We want to find a function $J=(J_1,J_2)$ such that, at almost all points $X=(x,y)$, $J=(\frac{\partial f}{\partial x},\frac{\partial f}{\partial y})$.
Define $\displaystyle Y_{1,n}=2^{2n}\int_{y_n}^{y_n+2^{-n}} \left(f(x_n+2^{-n},s)-f(x_n,s) \right)\mathrm{d}s$ and $\displaystyle Y_{2,n}=2^{2n}\int_{x_n}^{x_n+2^{-n}}\left( f(t,y_n+2^{-n})-f(t,y_n)\right)\mathrm{d}t$.
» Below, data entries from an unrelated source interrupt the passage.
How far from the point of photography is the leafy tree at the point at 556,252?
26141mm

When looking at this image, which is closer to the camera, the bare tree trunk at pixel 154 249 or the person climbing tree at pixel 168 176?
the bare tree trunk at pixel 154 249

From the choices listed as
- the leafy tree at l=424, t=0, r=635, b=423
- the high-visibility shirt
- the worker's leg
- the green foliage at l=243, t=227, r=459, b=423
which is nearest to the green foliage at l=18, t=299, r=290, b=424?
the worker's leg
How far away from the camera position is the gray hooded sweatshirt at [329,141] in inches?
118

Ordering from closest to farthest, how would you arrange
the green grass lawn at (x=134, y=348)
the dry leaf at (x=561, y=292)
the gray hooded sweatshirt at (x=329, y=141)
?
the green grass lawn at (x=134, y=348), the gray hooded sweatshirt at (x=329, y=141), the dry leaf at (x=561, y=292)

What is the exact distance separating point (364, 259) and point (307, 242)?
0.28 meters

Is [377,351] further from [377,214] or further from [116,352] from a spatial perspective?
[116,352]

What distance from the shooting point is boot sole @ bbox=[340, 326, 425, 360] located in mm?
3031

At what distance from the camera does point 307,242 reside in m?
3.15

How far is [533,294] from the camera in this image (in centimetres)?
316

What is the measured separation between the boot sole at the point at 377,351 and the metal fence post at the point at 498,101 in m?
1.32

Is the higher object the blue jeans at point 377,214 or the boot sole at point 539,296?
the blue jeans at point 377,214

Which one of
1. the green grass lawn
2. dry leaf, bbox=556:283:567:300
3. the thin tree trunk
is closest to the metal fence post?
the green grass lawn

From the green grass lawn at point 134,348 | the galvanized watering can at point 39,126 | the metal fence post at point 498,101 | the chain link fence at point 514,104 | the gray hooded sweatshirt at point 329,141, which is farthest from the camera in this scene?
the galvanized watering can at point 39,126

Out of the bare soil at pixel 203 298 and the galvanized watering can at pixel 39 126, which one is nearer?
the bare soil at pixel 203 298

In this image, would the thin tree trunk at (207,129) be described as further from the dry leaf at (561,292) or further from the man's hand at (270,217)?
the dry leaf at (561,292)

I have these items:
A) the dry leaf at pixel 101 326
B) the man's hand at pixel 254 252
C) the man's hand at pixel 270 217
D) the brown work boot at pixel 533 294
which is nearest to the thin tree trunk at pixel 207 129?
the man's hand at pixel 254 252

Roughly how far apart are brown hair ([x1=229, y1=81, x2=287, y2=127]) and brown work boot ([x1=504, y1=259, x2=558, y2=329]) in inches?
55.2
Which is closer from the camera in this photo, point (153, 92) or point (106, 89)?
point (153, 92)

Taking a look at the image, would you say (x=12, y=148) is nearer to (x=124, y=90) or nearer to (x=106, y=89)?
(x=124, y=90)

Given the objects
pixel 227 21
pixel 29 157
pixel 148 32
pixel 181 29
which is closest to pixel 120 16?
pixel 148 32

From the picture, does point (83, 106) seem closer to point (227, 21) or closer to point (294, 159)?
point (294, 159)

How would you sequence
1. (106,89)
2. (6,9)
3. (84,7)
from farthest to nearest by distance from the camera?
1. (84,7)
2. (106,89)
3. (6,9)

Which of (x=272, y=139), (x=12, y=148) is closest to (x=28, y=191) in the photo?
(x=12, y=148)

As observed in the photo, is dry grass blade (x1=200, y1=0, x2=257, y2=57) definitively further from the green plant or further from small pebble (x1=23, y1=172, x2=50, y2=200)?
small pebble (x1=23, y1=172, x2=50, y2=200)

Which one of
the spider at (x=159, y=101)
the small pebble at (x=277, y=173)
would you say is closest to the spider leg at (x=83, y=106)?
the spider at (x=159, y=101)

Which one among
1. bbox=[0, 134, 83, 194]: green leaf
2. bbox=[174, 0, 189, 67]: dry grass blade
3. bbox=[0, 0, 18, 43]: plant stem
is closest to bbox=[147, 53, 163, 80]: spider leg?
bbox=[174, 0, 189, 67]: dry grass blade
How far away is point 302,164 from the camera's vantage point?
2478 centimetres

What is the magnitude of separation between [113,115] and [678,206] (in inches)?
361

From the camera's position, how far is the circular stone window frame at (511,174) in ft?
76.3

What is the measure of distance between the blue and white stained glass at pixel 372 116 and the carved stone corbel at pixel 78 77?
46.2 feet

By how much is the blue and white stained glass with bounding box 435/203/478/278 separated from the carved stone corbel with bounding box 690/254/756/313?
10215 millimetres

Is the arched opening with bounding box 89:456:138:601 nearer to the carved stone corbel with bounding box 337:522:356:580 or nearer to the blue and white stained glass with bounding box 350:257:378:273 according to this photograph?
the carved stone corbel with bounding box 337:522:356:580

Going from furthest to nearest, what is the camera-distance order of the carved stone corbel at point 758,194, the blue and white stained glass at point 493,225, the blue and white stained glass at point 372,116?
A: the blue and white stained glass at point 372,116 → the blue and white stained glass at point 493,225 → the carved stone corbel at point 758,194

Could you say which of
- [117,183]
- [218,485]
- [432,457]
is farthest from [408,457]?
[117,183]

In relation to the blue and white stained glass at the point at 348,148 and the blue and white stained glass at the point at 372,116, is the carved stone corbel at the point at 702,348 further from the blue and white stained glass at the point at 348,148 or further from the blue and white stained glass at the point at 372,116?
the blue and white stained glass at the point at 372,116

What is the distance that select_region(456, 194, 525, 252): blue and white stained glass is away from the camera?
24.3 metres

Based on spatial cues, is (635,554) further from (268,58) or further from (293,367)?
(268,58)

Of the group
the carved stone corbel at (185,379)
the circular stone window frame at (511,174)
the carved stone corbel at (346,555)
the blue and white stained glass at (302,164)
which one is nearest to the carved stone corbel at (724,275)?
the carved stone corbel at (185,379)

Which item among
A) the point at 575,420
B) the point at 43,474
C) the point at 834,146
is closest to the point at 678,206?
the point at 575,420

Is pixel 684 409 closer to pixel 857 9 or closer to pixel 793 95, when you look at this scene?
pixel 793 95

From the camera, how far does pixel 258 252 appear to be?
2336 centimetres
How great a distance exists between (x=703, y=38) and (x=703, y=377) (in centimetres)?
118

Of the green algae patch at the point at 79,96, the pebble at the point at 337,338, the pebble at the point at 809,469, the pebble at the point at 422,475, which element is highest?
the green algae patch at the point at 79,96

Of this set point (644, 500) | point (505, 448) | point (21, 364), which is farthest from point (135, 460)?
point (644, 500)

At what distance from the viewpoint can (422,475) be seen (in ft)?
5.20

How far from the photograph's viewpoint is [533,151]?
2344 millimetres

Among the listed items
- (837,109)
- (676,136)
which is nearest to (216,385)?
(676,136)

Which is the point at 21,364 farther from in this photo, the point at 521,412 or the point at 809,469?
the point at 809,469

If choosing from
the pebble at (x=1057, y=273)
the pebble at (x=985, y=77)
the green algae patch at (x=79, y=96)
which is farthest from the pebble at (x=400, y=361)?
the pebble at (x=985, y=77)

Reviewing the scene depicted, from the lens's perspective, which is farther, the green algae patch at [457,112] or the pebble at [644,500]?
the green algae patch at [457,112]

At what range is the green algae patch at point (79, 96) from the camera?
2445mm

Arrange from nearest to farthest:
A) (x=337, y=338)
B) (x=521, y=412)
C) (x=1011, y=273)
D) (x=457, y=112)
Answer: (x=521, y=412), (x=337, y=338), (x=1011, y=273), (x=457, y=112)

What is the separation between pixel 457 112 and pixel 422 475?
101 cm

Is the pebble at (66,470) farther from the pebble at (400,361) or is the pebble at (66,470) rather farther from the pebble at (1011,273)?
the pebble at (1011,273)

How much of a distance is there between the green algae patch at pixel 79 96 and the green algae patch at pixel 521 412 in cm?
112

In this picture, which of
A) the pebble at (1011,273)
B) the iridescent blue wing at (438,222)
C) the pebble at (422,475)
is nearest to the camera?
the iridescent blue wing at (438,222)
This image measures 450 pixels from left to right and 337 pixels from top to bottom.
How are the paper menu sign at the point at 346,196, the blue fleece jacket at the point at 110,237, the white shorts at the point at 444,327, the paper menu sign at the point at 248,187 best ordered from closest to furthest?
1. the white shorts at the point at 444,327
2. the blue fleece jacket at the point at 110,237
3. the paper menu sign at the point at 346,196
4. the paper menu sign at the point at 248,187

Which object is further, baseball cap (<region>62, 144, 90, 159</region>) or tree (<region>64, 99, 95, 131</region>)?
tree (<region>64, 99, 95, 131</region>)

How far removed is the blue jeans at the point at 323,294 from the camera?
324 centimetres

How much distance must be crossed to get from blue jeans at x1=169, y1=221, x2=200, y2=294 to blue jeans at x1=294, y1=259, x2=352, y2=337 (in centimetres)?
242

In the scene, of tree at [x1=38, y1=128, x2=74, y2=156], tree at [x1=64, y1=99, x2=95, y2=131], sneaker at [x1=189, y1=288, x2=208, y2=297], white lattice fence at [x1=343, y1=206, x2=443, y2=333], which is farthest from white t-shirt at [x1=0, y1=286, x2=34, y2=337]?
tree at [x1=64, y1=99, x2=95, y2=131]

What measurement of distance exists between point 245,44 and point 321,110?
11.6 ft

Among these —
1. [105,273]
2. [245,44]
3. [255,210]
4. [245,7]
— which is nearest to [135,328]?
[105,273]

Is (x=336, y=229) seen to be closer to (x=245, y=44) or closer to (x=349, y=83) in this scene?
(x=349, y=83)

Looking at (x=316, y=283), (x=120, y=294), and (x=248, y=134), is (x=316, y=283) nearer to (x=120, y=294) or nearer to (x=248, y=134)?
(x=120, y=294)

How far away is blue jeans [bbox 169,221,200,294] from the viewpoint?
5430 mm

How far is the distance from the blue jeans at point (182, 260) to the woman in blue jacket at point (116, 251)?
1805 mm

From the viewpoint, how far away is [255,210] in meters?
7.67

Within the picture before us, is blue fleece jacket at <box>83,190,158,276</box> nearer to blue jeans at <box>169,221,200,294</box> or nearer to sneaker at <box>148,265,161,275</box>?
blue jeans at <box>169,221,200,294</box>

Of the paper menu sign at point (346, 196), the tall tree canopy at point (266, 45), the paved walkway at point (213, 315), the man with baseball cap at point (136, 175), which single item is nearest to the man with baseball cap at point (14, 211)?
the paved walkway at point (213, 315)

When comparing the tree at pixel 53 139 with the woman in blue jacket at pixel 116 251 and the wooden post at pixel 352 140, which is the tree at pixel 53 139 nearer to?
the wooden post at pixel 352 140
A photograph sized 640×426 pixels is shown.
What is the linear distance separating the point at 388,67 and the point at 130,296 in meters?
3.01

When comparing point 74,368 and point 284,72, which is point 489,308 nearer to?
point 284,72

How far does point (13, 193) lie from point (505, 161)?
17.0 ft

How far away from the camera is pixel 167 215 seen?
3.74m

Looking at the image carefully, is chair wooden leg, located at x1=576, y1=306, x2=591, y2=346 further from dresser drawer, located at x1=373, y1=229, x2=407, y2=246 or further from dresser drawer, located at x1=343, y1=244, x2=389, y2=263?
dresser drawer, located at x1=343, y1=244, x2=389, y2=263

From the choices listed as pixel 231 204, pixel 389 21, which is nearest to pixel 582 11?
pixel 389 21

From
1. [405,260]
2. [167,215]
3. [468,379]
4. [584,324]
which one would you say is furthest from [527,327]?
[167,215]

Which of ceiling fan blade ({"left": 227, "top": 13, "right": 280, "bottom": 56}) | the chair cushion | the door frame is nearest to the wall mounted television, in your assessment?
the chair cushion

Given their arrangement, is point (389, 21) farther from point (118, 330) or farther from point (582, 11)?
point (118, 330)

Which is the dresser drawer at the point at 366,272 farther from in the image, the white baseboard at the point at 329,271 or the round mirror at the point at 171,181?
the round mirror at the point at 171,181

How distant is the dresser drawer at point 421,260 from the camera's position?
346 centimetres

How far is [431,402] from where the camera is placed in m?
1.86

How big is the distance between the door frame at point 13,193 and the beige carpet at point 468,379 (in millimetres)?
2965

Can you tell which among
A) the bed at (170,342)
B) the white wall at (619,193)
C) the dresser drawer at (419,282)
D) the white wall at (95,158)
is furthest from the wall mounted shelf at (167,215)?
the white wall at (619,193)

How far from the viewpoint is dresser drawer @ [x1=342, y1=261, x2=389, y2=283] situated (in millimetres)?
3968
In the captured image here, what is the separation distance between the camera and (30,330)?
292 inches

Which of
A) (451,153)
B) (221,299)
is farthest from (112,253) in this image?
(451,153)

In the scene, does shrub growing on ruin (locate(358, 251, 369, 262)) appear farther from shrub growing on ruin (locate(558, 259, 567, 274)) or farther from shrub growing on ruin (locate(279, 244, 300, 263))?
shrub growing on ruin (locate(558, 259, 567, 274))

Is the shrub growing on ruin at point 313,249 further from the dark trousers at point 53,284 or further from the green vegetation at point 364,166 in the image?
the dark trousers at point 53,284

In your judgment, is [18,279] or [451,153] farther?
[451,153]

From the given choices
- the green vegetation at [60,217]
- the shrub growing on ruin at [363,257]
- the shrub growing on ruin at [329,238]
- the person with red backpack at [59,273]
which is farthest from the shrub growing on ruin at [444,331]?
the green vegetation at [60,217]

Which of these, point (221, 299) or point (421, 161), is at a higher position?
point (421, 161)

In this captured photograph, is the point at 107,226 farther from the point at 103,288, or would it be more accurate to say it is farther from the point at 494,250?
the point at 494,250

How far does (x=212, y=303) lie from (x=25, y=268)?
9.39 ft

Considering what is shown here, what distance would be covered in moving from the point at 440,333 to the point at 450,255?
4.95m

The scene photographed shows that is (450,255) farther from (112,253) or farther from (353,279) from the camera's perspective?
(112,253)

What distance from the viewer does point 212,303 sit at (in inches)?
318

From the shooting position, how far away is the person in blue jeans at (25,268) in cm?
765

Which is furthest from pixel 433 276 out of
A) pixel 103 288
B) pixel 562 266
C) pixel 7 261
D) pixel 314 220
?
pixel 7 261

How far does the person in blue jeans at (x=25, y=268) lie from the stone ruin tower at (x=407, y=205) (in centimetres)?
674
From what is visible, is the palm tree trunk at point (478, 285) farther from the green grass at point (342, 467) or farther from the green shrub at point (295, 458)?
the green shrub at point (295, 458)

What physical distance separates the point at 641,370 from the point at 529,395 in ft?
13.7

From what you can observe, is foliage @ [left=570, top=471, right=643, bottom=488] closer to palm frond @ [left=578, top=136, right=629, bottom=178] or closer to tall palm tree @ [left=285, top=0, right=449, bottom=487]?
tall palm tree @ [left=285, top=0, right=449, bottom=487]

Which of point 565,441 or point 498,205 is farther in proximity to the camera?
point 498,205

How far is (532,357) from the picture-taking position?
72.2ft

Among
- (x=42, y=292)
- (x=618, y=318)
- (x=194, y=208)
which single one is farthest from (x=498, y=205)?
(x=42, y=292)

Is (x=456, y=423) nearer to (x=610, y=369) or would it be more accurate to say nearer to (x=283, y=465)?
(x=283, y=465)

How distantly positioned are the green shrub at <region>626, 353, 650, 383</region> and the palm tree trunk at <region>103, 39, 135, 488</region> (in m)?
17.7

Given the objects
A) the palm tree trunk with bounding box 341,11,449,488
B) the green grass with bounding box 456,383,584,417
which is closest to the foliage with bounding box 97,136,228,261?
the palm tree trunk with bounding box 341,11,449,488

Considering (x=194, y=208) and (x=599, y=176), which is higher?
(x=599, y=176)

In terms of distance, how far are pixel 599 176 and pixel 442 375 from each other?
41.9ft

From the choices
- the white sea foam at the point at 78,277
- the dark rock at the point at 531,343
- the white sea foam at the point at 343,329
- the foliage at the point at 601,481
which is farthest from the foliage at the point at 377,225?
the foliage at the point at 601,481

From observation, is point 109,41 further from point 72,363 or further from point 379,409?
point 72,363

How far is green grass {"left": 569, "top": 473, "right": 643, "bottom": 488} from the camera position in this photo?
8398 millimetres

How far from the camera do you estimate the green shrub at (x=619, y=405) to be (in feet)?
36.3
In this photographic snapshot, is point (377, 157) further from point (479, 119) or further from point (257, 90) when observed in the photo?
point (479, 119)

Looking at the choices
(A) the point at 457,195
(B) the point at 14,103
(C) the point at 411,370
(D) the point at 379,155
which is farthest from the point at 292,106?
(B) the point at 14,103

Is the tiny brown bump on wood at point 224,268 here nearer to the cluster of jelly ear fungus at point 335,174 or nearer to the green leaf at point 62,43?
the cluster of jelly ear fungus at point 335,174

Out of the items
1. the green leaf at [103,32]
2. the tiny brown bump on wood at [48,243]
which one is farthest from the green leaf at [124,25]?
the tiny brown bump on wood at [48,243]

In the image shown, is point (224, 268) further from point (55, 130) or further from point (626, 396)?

The main motivation for this definition of $Y_{1,n}$ is the fact that, if $f$ could be assumed to be differentiable, then we would have $ \displaystyle 2^{2n}\int_{x_n}^{x_n+2^{-n}}\int_{y_n}^{y_n+2^{-n}}\frac{\partial f}{\partial x} \mathrm{d}s\mathrm{d}t=2^{2n}\int_{y_n}^{y_n+2^{-n}}\left(f(x_n+2^{-n})-f(x_n)\right)\mathrm{d}t$
As before, $(Y_{1,n},Y_{2,n})$ converges to a vector $Y=(Y_1,Y_2)$ and there exists a bounded measurable $J$ such that $Y=J(X)$ a.s.
We have
$\displaystyle Y_{1,n}(X)=\mathbb{E}(Y_1|X_{n})=2^{2n}\int_{x_n}^{x_n+2^{-n}}\int_{y_n}^{y_n+2^{-n}} J_1(s,t)\mathrm{d}s \mathrm{d}t$ $\displaystyle Y_{2,n}(X)=\mathbb{E}(Y_2|X_{n})=2^{2n}\int_{x_n}^{x_n+2^{-n}}\int_{y_n}^{y_n+2^{-n}} J_2(s,t) \mathrm{d}s \mathrm{d}t$
If $L$ is a smooth curve going from $0$ to $X$, then $\displaystyle f(X)=f(0)+\int_L J\cdot\mathrm{d}L$.